TWO TYPES OF COMPOUNDS
• Organic - Contain C, H, and O in some
ratio (usually referred to as chemicals
of life)
– Carbohydrates, Proteins, Lipids, Nucleic Acids
• Inorganic - usually "support" life - no
specific ratio of C, H, and O
– Water (H2O), Carbon Dioxide (CO2)
Interactions Within Molecules
• Intramolecular forces: chemical bonds
within a molecule
– Covalent bonds: 2 non-metal atoms share
electrons equally
– Polar Covalent bonds: when one atom
attracts electrons more than the other, it
creates a partial negative charge
Interactions Between Molecules
• Intermolecular forces: forces of attraction
between molecules
– Hydrogen Bonding: a weak bond between an
atom with a partial negative and a hydrogen
atom with a partial positive charge.
– Hydrophobic Interactions: when non-polar
molecules group together to stay away from
the polar molecules.
Functional Groups
• An atom or group of atoms attached to a
molecules that gives the molecules
particular chemical and physical
properties.
Macromolecules
• Molecules that are large and complex
• Often made up of repeating subunits called
monomers.
• Carbohydrates: contain carbon, hydrogen, oxygen in a
1:2:1 ratio
– Monosaccharides: one sugar (glucose, fructose,
galactose.
Fun Bio
Challenge:
You must be
able to draw
these!
– Disaccharides: two monosaccharides join
together forming a glycosidic linkage.
– Polysaccharides: many monosaccharides join
together.
• Starch: alpha glycosidic linkage between monomers.
Stored energy found in plants
• Glycogen: alpha glycosidic linkage between
monomers.

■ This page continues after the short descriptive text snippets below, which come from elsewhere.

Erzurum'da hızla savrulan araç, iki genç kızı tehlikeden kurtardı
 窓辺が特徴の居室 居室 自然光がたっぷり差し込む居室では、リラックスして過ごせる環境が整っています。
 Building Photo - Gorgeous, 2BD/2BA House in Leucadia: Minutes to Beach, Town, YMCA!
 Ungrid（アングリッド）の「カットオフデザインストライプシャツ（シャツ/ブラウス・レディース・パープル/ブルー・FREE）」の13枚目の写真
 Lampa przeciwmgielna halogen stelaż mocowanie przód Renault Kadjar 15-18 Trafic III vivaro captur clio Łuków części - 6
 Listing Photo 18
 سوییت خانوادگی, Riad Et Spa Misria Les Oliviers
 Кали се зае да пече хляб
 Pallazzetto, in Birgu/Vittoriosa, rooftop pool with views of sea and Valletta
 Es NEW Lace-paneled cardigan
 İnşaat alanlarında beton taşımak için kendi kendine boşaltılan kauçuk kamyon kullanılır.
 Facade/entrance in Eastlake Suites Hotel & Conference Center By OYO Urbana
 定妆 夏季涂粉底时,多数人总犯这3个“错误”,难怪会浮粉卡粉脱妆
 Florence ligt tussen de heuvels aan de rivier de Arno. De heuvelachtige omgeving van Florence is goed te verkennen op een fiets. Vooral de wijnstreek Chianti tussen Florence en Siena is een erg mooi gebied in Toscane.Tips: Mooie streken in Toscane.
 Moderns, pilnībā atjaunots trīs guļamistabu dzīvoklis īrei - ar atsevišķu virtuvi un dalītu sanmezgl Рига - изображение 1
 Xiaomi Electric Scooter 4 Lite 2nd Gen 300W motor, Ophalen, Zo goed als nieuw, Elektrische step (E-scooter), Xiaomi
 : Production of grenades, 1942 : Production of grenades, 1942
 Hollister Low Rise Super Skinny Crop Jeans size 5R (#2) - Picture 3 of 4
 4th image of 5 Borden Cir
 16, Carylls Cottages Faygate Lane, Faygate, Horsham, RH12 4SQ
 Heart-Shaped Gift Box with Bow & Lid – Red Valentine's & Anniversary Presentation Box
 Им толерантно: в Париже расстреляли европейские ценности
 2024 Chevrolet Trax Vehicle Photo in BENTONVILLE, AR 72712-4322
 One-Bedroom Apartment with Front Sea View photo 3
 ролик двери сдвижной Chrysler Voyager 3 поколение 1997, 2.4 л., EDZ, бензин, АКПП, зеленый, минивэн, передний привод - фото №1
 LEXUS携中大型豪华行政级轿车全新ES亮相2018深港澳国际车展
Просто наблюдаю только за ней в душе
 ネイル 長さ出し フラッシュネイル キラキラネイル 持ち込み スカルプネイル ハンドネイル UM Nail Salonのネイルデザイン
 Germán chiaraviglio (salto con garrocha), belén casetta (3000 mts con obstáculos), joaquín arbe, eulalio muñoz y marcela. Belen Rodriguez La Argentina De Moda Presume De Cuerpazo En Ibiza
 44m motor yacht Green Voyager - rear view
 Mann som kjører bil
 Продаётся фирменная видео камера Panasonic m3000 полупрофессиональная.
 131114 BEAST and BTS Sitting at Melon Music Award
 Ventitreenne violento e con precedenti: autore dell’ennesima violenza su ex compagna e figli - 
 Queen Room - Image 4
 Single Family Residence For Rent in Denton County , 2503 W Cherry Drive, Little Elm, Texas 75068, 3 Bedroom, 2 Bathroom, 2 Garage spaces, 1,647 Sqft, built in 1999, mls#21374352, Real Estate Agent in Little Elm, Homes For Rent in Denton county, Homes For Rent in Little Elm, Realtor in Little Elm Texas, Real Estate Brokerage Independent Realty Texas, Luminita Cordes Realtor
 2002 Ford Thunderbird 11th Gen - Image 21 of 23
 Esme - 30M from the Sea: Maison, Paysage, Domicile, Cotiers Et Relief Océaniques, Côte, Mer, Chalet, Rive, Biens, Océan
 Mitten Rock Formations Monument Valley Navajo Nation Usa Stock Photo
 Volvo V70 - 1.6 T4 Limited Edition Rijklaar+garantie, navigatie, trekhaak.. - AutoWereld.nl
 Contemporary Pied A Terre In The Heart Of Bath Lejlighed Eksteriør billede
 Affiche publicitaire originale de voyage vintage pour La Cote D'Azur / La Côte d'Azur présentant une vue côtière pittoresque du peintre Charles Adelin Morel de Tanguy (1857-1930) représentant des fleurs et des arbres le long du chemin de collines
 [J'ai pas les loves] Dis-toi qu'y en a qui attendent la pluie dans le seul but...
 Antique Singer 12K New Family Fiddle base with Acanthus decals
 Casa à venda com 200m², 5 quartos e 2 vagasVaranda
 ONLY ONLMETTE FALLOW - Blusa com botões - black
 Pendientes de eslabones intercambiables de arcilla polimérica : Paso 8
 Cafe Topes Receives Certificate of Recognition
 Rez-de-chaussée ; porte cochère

Stored energy found in animals
• Cellulose: beta glycosidic linkage between monomers.
Provides structural support in plant cell walls.
• Lipids: made of C, H and O atoms, but have fewer
oxygen atoms and are mainly hydrophobic
– Provides longer-term energy for animals
– Triglycerides: made of one glycerol and 3 fatty acids joined
by an ester linkage
• Saturated fatty acids: no double or triple bonds
• Unsaturated fatty acids: one double or triple bond
• Polyunsaturated fatty acids: more than one double or triple bond.
– Phospholipids: a lipid made of a glycerol bonded to two fatty
acids and an “R” group
• “Head” is hydrophilic, “tail” is hydrophobic
– Steroids: lipids that have four carbon based rings attached to
each other
• Cholesterol
• Estrogen
• Testosterone
– Waxes: long carbon-based chains that are solid at room
temperature.
Macromolecules Continued…
Proteins
• contain the elements carbon, hydrogen,
oxygen, and nitrogen
• composed of MANY amino acid subunits
• It is the sequence of the amino acid that
forms the primary structure of proteins.
• The basic amino acid form has a carboxyl
group on one end, a methyl group that
only has one hydrogen in the middle, and a
amino group on the other end.
• Attached to the methyl group is a R group.
• Uses for Proteins:
– As enzymes that catalyze chemical reactions
in the body
– Structural support in bones, tendons, skin,
hair, nails
– Transporting chemicals in the body
– Locomotion for animals: muscle contraction
– Hormones
– antibodies
• There are 20
common amino
acids with 8 of
them being
essential
amino acids
that cannot be
made in the
body and must
be consumed.
Protein Structure
• Primary Structure: the sequence of
amino acids connected together
through peptide bonds
• Secondary Structure: coil-like alpha
helix shapes and folded beta sheets
due to hydrogen bonds
• Tertiary Structure: 3D shapes of
proteins
• Quaternary Structure: multiple
polypeptide chains arranged together
Macromolecules continued…
Nucleic Acids
• Two types: DNA (deoxyribonucleic
acid) and RNA (ribonucleic acid)
• Contain genetic information
• Made up repeating nucleotide
monomers.
• Each monomer contains:
– A phosphate group
– A sugar with five carbons (deoxyribose or
ribose)
– A nitrogenous base (Adenine, thymine,
guanine, cytosine in DNA and in RNA the
same but thymine is replaced by uracil)
• A polymer of nucleotides is a strand that joins
adjacent nucleotides with a phosphodiester bond
(between the phosphate and the hydroxyl groups)
• DNA is two strands twisted in a double helix
• The two strands are held together by hydrogen bonds
• Thymine always bonds with adenine (with 2 H-bonds)
and cytosine always bonds with guanine (with 3 Hbonds). These are called complementary base pairs.